# WOC- Want is/are some of your favorite sunscreens?



## MkupTart (May 30, 2012)

With summer here I am on the hunt for a new sunscreen. I'm posting this on this board because I've tried sooooo many sunscreens that leave that ugly white cast.

  	I have dry skin so I don't want something that will leave me completely matte. In the past I have used MAC's Prep+Prime SPF 50 and I like a lot but it is expensive for the amount IMHO.

  	So what is everyone using?
  	Thanks


----------



## cutemiauw (May 30, 2012)

I'm using the 50+ tinted La Roche Posay http://www.laroche-posay.us/_us/_en...ineral-tinted-ultra-light-sunscreen-fluid.htm

  	I bought it in France, it was fairly cheap there (around 15 euros ~ $20). Liking it so much because it doesn't have a white cast (since it's tinted, doh).
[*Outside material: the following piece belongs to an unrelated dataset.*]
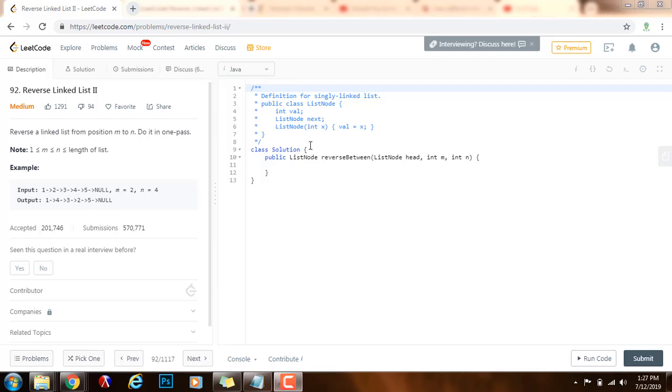Hello everybody, it's Amel and today I'm going to teach you how to solve the Reverse Linked List 2 problem.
The tint is slightly towards pink, not perfect, but I'm mixing it with my foundation so at least it's way better than the white one. 

  	If you have dry skin, maybe go with the cream one (couldn't find it on the US site, but they do have it over here)


----------



## MkupTart (May 31, 2012)

Thanks.

  	I have heard good things about La Roche Posay's skincare in general so I will check them out.

  	Anyone else??? :-(


----------



## macgirl3121 (May 31, 2012)

I use Clarins UV Plus HP Day Screen High Protection SPF 40.


----------



## macgirl3121 (May 31, 2012)

cutemiauw said:


> I'm using the 50+ tinted La Roche Posay http://www.laroche-posay.us/_us/_en...ineral-tinted-ultra-light-sunscreen-fluid.htm
> 
> I bought it in France, it was fairly cheap there (around 15 euros ~ $20). Liking it so much because it doesn't have a white cast (since it's tinted, doh). The tint is slightly towards pink, not perfect, but I'm mixing it with my foundation so at least it's way better than the white one.
> 
> If you have dry skin, maybe go with the cream one (couldn't find it on the US site, but they do have it over here)
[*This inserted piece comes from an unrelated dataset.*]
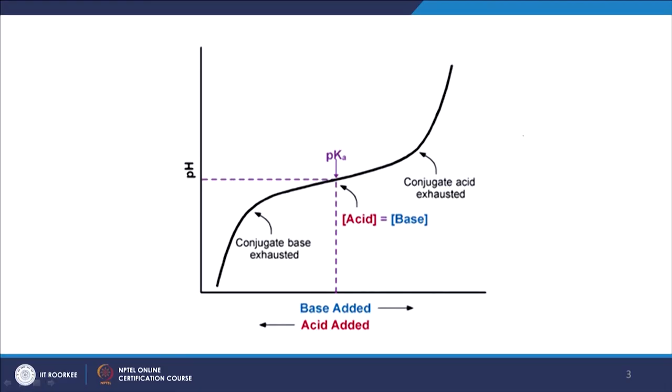We now move on to buffers. Where would you practically use acids and bases in this context? Suppose I have an experiment where I want to maintain pH at 6.5. I cannot hold it exactly at 6.5, but I might be okay with it staying between 6.0 and 7.0 — a ±0.5 range — as acid or base is produced during the experiment.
  	FYI, all La Roche Posay sunscreen products are on sale this week at CVS for $19.99. They are regularly like $35 so this is a heck of sale. I'll prob pick up one cause the price is right.


----------



## cutemiauw (May 31, 2012)

Oh, also I used to wear Kiehl's Ultra Light UV Defense. It feels more creamy than LRP but it's feels light on the skin. Not much shiny oily feel. I like this one better for winter. Although lately I've been sticking to LRP due to pricing .
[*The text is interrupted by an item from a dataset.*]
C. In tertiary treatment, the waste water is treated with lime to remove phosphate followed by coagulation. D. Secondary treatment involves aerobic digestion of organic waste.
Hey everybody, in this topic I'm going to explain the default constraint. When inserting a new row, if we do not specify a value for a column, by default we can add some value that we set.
  	PS: Sorry, the link is German. I tried to find it in Kiehls.com but they didn't have this particular product.


----------



## MkupTart (Jun 5, 2012)

Thanks Ladies


----------



## sagehen (Apr 15, 2014)

I know this is an old thread, but it is still relevant. What are you ladies wearing for sunscreen now? On my face I am wear Neutrogena Pure and Free Liquid SPF 50. It is much cheaper than the La Roche Posay mineral liquid and performs well for me. Also, it does not react when I apply primer for makeup. On my body, I use any physical sunblock that is reasonably priced. I am using ColoreScience SPF 30 powder (the bronze-colored one) to re-up my protection on face/neck during the day. I would really like to find something I can buy on the ground for this purpose, but I can't seem to find anything that doesn't give me a cast or alter the shade of my foundaiton. The Physician's Formula was a disaster, and the PTR portables with the brush are yucky (can't clean the brush, the bursh sheds) and it's a ridiculously small amount for the $. Does anyone have any suggestions for a portable powder sunscreen?


----------



## trina11225 (Apr 15, 2014)

I started using Trader's Joes sunscreen for face.


----------



## sagehen (Apr 15, 2014)

trina11225 said:


> I started using Trader's Joes sunscreen for face.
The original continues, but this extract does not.